Électricité, fibre et friches, une équation à trois inconnues
Trouver le bon terrain relève parfois du casse-tête pour qui veut implanter un datacenter. Car il n'est pas question de faire pousser ces installations n'importe où. Selon leur gabarit, elles avalent entre quelques centaines de mètres carrés à plusieurs dizaines d'hectares. Le guide du gouvernement recommande de cibler en priorité les friches industrielles ou les zones déjà artificialisées, histoire de respecter le principe du zéro artificialisation nette sans s'empêtrer dans les quotas locaux.
Le nerf de la guerre, comme vous pouvez vous en douter, c'est l'électricité. Un datacenter de taille moyenne réclame entre 50 et 250 mégawatts, soit la consommation d'une petite ville. Cette boulimie énergétique impose la présence à proximité d'un poste haute tension et de lignes adaptées. Il faut en tout cas s'y prendre en avance, le gouvernement rappelant qu'il faut entre deux à neuf ans pour finaliser un raccordement, selon l'ampleur des travaux. En Île-de-France, la file d'attente s'allonge dangereusement.

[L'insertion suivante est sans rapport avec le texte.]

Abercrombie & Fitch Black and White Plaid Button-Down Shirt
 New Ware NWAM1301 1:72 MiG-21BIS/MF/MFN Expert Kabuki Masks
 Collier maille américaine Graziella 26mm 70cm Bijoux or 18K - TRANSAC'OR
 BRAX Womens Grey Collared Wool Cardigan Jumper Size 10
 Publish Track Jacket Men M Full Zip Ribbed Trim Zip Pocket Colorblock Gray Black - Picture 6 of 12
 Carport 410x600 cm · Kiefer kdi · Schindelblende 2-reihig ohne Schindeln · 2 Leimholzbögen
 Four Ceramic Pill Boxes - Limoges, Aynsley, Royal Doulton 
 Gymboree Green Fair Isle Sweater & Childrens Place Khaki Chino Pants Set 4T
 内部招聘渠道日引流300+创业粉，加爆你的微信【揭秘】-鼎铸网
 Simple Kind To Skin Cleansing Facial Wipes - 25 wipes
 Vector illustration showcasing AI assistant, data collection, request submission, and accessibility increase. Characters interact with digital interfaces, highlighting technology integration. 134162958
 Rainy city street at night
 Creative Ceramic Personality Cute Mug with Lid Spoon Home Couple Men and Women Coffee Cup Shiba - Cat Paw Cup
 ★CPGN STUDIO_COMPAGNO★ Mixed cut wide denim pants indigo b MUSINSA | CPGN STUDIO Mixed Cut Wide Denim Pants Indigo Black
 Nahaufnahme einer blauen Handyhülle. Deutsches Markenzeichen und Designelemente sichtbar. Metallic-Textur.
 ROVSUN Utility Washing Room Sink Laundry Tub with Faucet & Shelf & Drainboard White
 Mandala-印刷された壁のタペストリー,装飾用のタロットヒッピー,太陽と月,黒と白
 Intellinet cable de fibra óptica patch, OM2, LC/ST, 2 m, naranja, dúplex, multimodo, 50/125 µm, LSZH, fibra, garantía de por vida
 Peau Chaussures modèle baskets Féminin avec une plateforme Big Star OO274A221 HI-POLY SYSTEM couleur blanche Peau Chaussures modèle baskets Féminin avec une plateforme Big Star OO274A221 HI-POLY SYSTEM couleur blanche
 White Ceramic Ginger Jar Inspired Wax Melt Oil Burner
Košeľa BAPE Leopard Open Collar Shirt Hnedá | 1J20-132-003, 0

Il ne faut évidemment pas oublier la question de la connectivité. Un datacenter doit se brancher sur des réseaux fibre performants, idéalement près d'un hub de peering, ces points d'échange qui font circuler les données entre opérateurs. Marseille tire aujourd'hui son épingle du jeu grâce à ses câbles sous-marins qui la relient à l'Afrique et au Moyen-Orient. Mais attention à ne pas trop s'approcher des habitations, car les systèmes de refroidissement génèrent un bruit de fond permanent.
Les exigences de la France en matière de récupération de la chaleur
Le guide aborde de front la question environnementale. Chaque centre de données doit adapter son système de refroidissement au climat local. Les régions froides peuvent exploiter l'air extérieur gratuitement pour rafraîchir les serveurs. Les zones chaudes nécessitent des technologies plus performantes. Quant aux territoires manquant d'eau, ils doivent bannir les systèmes qui en consomment beaucoup au profit du refroidissement par air.
Un indicateur clé mesure la performance. Il s'agit du PUE (Power Usage Effectiveness, un indicateur d’efficience énergétique), qui compare l'énergie totale consommée par le datacenter à celle utilisée uniquement par les serveurs. Les grands centres devront atteindre un score de 1,20 d'ici 2030. Mais l'enjeu majeur reste la récupération de la chaleur produite par les machines, obligatoire en Europe pour les nouvelles installations dépassant un mégawatt. Certains centres de données pas très loin de chez nous, comme le D4 d'Infomaniak à Genève, y parviennent.

Les bénéfices locaux, voilà l'argument décisif pour convaincre les élus. Un datacenter de 100 mégawatts crée environ cinquante emplois directs et rapporte des recettes fiscales substantielles aux collectivités. Certains porteurs s'engagent aussi sur la formation ou privilégient les entreprises locales. Pour aider les territoires à évaluer ces promesses, le guide fournit une grille d'analyse qui combine critères économiques et environnementaux. Un indispensable, pour les entreprises qui se lancent le défi d'implanter une telle infrastructure en France.